La question que pose ce chapitre final est donc logiquement : comment mettre fin au cycle infini de la vengeance ? Question d’autant plus cruciale que partout où il passe, John attire les foudres de La Table sur ses amis, déjà peu nombreux. « Ton insoumission causera notre perte », lui reproche ainsi Akira, avant que l’Hôtel Continental d’Osaka soit pris d’assaut par la garde du Marquis Vincent Bisset de Gramont. Ce dernier s’est juré d’avoir la tête de Wick pour asseoir son autorité sur La Table, et ne lésine pas sur les bains de sang et les excommunications pour arriver à ses fins.
Que faire, donc ? Pour le « Croquemitaine » fatigué – rarement Keanu Reeves aura semblé si abattu –, l’enchaînement des meurtres s’apparente à un mouvement aussi perpétuel que vain. « Tue Gramont, et un autre prendra aussitôt sa place », prophétise Winston, comparant Wick à un Hercule devant une hydre dont chaque tête n’en finit pas de repousser. En toute cohérence avec les volets précédents, il ne suffira pas de tuer, il faudra cette fois tuer selon les règles : vaincre Gramont dans un duel légitime aux yeux de l’organisation, c’est-à-dire respectueux de la tradition et de son protocole. À savoir, une opposition entre deux familles qui siègent à la Table, la famille Gramont donc, et la mafia slave de laquelle Wick est lointainement issu.

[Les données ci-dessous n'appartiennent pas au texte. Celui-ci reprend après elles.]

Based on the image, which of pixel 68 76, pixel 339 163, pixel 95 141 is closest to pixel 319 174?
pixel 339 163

C’est au Louvre que le défi est lancé, par l’intermédiaire de Winston. Dans un premier temps, Gramont se dispenserait bien de l’accepter : « Les temps changent. Une nouvelle ère arrive. Nouvelles idées, nouvelles règles, nouveau management », réplique-t-il. Suite à quoi Winston le renvoie immédiatement au tableau qui lui fait face : La Liberté guidant le peuple. Le renversement des Bourbons dépeint par Delacroix, consécutif à la violation de la Constitution par Charles X, pourrait préfigurer le sort du Marquis s’il ne se plie pas à la tradition. Les règles ont beau être écrites à leur profit, les puissants eux-mêmes doivent faire au moins semblant de s’y conformer. Evidemment, on ne saurait réduire la liberté pour laquelle se soulève le peuple de Paris à celle qui fait courir (ou boiter) John Wick. Notons toutefois que l’union des archétypes populaires dans le tableau (le paysan, l’artisan, l’ouvrier, le gamin des rues) trouve un écho dans le pacte tacite passé entre les rivaux, John, Caine et Nobody, autour d’une haine commune envers l’aristocrate qui outrepasse ses prérogatives. En contrechamp, dans le dos de Gramont, c’est Sardanapale qui le regarde s’enfoncer dans une bataille bientôt perdue. La séquence au musée se clôt sur un dernier avertissement pictural : Le radeau de la Méduse, de Géricault. Là encore, il est tentant de dresser un parallèle entre Gramont et le Vicomte Hugues Duroy de Chaumareys, autre manager qui ne doit sa nomination à la barre de la Méduse que par sa lignée, et dont l’arrogance, l’incompétence crasse et les décisions arbitraires mèneront le vaisseau et sa mission colonisatrice par le fond.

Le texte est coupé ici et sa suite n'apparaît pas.